Problem requirements:
Your answer must be an exact copy of the records, minus any pictures.

Records from a collection:

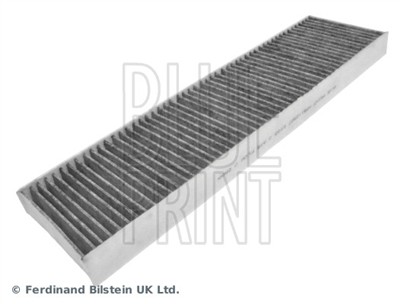 BLUE PRINT ADB112507 EAN: 5050063203684.
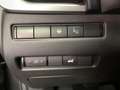 Nissan X-Trail 1.5 e-Power Tekna+ e-4orce 4x4 5pl. 158kW Gris - thumbnail 14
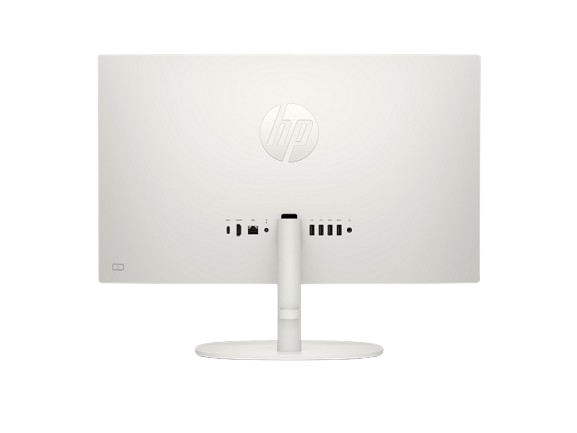 Máy bộ HP AIO 22-dg0017d i3- N300/8G/256GSSD /21.45FHD/VA/ WL/BT /WL/K B/WL_M/W11SL/TRẮNG AY8C5PA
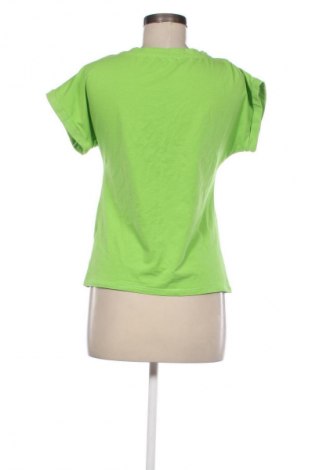 Női blúz Unbranded, Méret M, Szín Zöld, Ár 3 800 Ft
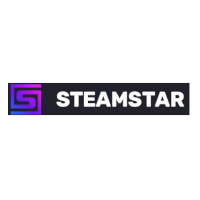 SteamStar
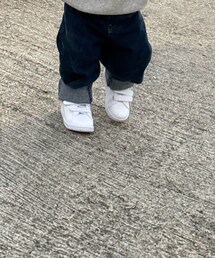adidas | スニーカー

Answer section:
 BLUE PRINT ADB112507 EAN: 5050063203684.
 Nissan X-Trail 1.5 e-Power Tekna+ e-4orce 4x4 5pl. 158kW Gris - thumbnail 14
 Máy bộ HP AIO 22-dg0017d i3- N300/8G/256GSSD /21.45FHD/VA/ WL/BT /WL/K B/WL_M/W11SL/TRẮNG AY8C5PA
 Női blúz Unbranded, Méret M, Szín Zöld, Ár 3 800 Ft
 SteamStar
adidas | スニーカー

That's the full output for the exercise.